Overview of cluster analysis
Heuristic algorithms
k-means clustering. Wikipedia has a pretty good description, but here is my take.

K-Means Clustering

In k-means clustering, each point we are trying to classify is a tuple of \(d\) real numbers (a point in \(\mathbb{R}^d\)). We use the distance between two points to determine when two points are similar, and we want to classify or cluster the points into \(k\) clusters so that points within the same cluster are similar (or close in distance) and points not in the same cluster are far apart. To formulate this mathematically, to each cluster we assign a centroid which is the average of the points in the cluster (so somehow the middle or center of the cluster). We then want each point to be assigned to the cluster with nearest centroid. (Wikipedia states this as "minimize the within-cluster sum of squares". The sum of squares is the distance, so we are trying to minimize the distance between each point and the centroid, i.e. assign it to the closest centroid.) Note this is somewhat complicated because as points change which cluster they lie in, the centroid will move because the centroid is the average of the points. So changing the classification of a point could then cause other points to be reclassified. Mathematically, we define the optimal as the best over all possible assignments. This image is a pretty good picture of clustering, where the circles (somewhat hard to see, the green one is easiest) are the centroids and the black lines are half way between the centroids.

Implementation

I will say something about it later this semester, but no one knows how to efficiently solve exactly the problem I stated in the previous paragraph. In fact, most people believe that there is no efficient solution to solving the problem. Our current knowledge just lets us obtain an approximation in the following way. We will compute a clustering and then use many steps to refine the clustering for a while until not many points are reclassified in each step. Then we will claim this is a good clustering and output it. We will have no guarantee that this is the best possible clustering (since no one knows how to find it). But intuitively, if when we refine the clustering only a few points change classification, it is a pretty good clustering. This is called a heuristic. I have a visualisation of this below which hopefully helps you understand this further.

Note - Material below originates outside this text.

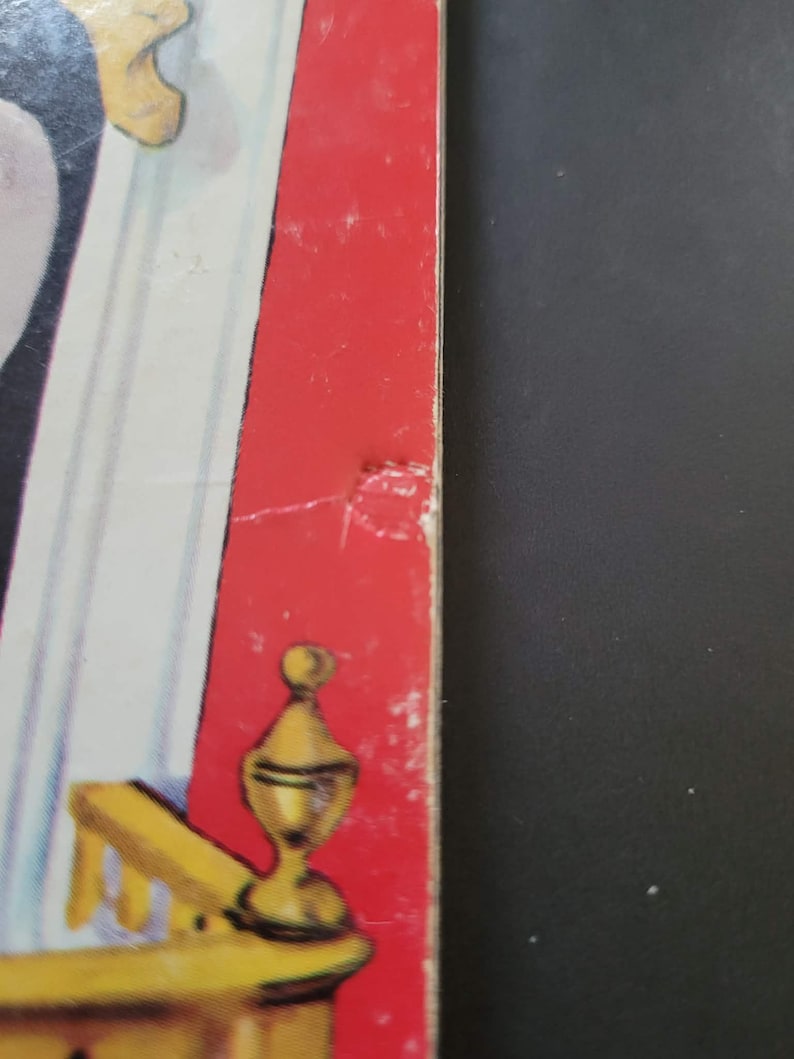 K&ouml;nnte beinhalten: Ein Abschnitt eines Vintage-Buchcovers mit rotem Buchr&uuml;cken und einem Teil einer gelb-wei&szlig;en Illustration. Der Buchr&uuml;cken weist einige Abnutzungserscheinungen auf. Die Illustration zeigt ein goldfarbenes dekoratives Element.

So our strategy is as follows:

Randomly start with \(k\) centroids.
Classify each point by assigning it to the nearest centroid.
Now update the centroid to be the actual centroid of the classified points, that is average all the points and make the average the new centroid.
Forget the classification, and reclassify points to the nearest centroid. (Note since the centroids could have moved points could change classification.)
Recompute the centroid of the newly assigned points.
Forget the classification and reclassify.
And so on.

Once only a few points change classification that also implies the centroid won't move very far since the centroid is the average. So our hope is that we are at some good clustering, and in many applications this does indeed work. But there are also situations where this technique does not work which is why clustering is such a big field since we need other techniques for those datasets.

To implement k-means clustering, we use a top-down design. The tasks we need to preform are
- given a list of points and list of centroids, classify the point by the nearest centroid. This has the following sub-tasks.
  - compute distance between two points
  - classify a single point
- compute the centroid of a list of points

Each of these tasks I have identified then become a python function. My implementation of two-dimensional clustering is day22_cluster.py.

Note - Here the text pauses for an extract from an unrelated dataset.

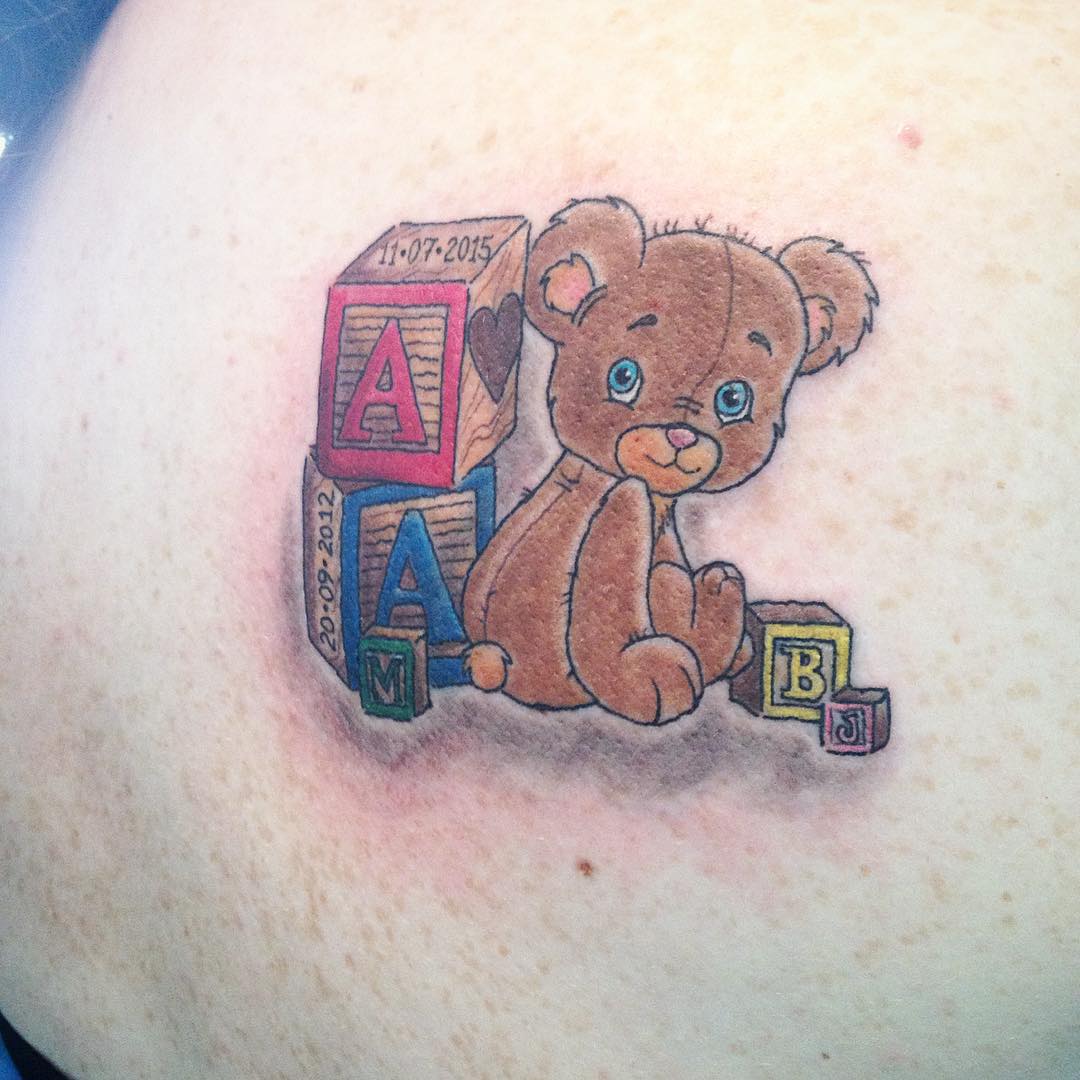 cute little teddy with blocks tattoo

Here is some test code day22_test.py which helps visualize the clustering process.

Exercises

Run my clustering code on the Iris Flower Data Set for the "Sepal length" and "Petal lenth". You can download the flower dataset in CSV form here. You will have to write a python program to:

Either read the CSV data from a file or use urllib to download it. Extract the first column (Sepal length) and the third column (Petal length) as your coordinates.
call day22_cluster.kmeans(3, points) like at the very bottom of the test code.
copy in turtle drawing code to draw the points and their classifications. You only need to draw the result of the classification, which is the turtle code at the very bottom of the test.py file. (You will also need the turtle setup code turtle.setworldcoordinates.

You don't have to do it for homework, but note that the CSV also contains the actual subspecies in the last column. We call this training data, because we can cluster like I have you doing above ignoring the subspecies, and then after clustering we can test if our clusters actually match the input subspecies. This allows us to determine "how good" our k-means clustering actually is. Think about how you could change your python code so that after running kmeans you print out how many points were misclassified (Hint: you have the classified_points dictionary and the CSV data and just need to combine it back together.)